Thing is, Harper didn't throw him out. Jake Marisnick was safe at home, and Donovan Solano advanced to third on the throw. It was the sort of thing Harper ignored last season, and he vowed improvement this year.

"I wouldn't do that during the season," Haprer said. "I don't want to do that. I did that a lot during the season last year. I gave it up. But this spring I hadn't let a ball go. So …"

So he's still 21, still a kid, still going to push boundaries because one of the hardest things to do is pocket a gift. Harper could make that throw every game because his arm allows it, and it would always be fascinating, seeing a human being so stretch the limits of what his body can produce. The Nationals struggle with this, like they're still breaking the most unruly of colts.

"If you take away his aggressiveness, you take away from his ability as a player," Williams said. "Yeah, we want to keep that guy at second base. But do you understand where he threw that ball to the plate from? It's almost the warning track. So, I go, 'Wow.' …

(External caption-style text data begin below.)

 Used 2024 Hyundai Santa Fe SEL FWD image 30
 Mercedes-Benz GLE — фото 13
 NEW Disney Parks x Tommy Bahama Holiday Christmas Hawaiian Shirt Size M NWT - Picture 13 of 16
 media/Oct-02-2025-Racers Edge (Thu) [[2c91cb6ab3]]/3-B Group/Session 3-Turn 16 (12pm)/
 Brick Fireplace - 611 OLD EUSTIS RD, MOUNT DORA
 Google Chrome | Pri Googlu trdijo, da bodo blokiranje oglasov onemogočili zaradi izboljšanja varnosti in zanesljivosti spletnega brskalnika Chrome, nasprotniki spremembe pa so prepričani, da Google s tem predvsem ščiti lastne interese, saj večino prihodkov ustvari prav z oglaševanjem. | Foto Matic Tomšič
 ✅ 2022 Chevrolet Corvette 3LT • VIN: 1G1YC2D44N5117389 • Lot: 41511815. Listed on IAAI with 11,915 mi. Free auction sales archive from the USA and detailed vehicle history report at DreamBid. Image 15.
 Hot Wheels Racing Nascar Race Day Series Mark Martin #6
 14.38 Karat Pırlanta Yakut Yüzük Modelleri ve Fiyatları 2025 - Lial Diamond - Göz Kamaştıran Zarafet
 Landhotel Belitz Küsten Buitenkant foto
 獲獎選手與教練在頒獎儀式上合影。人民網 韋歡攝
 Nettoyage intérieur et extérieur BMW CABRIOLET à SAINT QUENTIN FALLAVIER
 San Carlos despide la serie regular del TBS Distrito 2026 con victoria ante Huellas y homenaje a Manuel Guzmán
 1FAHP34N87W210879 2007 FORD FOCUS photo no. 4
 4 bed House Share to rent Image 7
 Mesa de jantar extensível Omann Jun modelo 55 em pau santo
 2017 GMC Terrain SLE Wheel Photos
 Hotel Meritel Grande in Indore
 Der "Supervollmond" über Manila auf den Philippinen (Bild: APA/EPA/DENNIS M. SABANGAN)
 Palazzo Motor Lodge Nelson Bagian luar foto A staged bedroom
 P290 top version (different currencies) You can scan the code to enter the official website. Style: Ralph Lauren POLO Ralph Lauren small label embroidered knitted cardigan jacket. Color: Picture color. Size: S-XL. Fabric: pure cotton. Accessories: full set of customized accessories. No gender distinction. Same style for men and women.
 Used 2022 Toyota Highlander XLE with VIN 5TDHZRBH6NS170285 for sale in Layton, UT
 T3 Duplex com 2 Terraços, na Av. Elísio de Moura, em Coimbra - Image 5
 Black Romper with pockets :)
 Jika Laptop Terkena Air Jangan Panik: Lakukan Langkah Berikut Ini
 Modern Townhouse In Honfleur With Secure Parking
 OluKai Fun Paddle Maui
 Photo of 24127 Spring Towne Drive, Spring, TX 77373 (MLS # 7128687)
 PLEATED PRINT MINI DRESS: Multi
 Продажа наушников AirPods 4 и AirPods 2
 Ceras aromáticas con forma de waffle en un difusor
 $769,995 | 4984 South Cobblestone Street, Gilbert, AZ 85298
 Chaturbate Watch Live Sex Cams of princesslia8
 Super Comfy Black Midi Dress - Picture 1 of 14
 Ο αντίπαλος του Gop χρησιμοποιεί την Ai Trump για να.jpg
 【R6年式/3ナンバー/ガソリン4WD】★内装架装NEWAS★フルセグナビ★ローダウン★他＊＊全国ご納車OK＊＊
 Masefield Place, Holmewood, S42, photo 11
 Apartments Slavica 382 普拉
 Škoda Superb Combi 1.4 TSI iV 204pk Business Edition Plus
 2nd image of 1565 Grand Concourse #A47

"Wrong move. It's phenomenal talent. He's well on his way to harnessing that when he needs to and being aggressive when he needs to."

That will come sooner than later, perhaps quickly enough to crown Harper the youngest Most Valuable Player in history. His health is back. His talent is unbeatable in the NL.

Overrated? End it now.

The skepticism comes from an ugly place. Does Harper draw ire because of how he acted as a kid? Because never since he appeared in the big leagues has he once embraced this ideal of embracing the heel character that he so easily could adopt. Does he play a role the modern consumer seeks, a vaguely fratty-looking, easy-to-rip perma-target? It's not like he's Bieber.

It's OK to dislike a player because he's great, and that ought to fuel whatever dislike exists. Harper is not A-Rod and he is not Braun. He is much more like Trout, only instead of a $144.5 million extension, Harper carries around expectations.

Despite what his peers may think, he is meeting them. He hit some bumps, swallowed some hiccups, underwent the usual humbling every athlete, even the best, runs into at some point. This is Bryce Harper, 21, left fielder for the Washington Nationals, primed to unleash his best season yet. And that's a fact.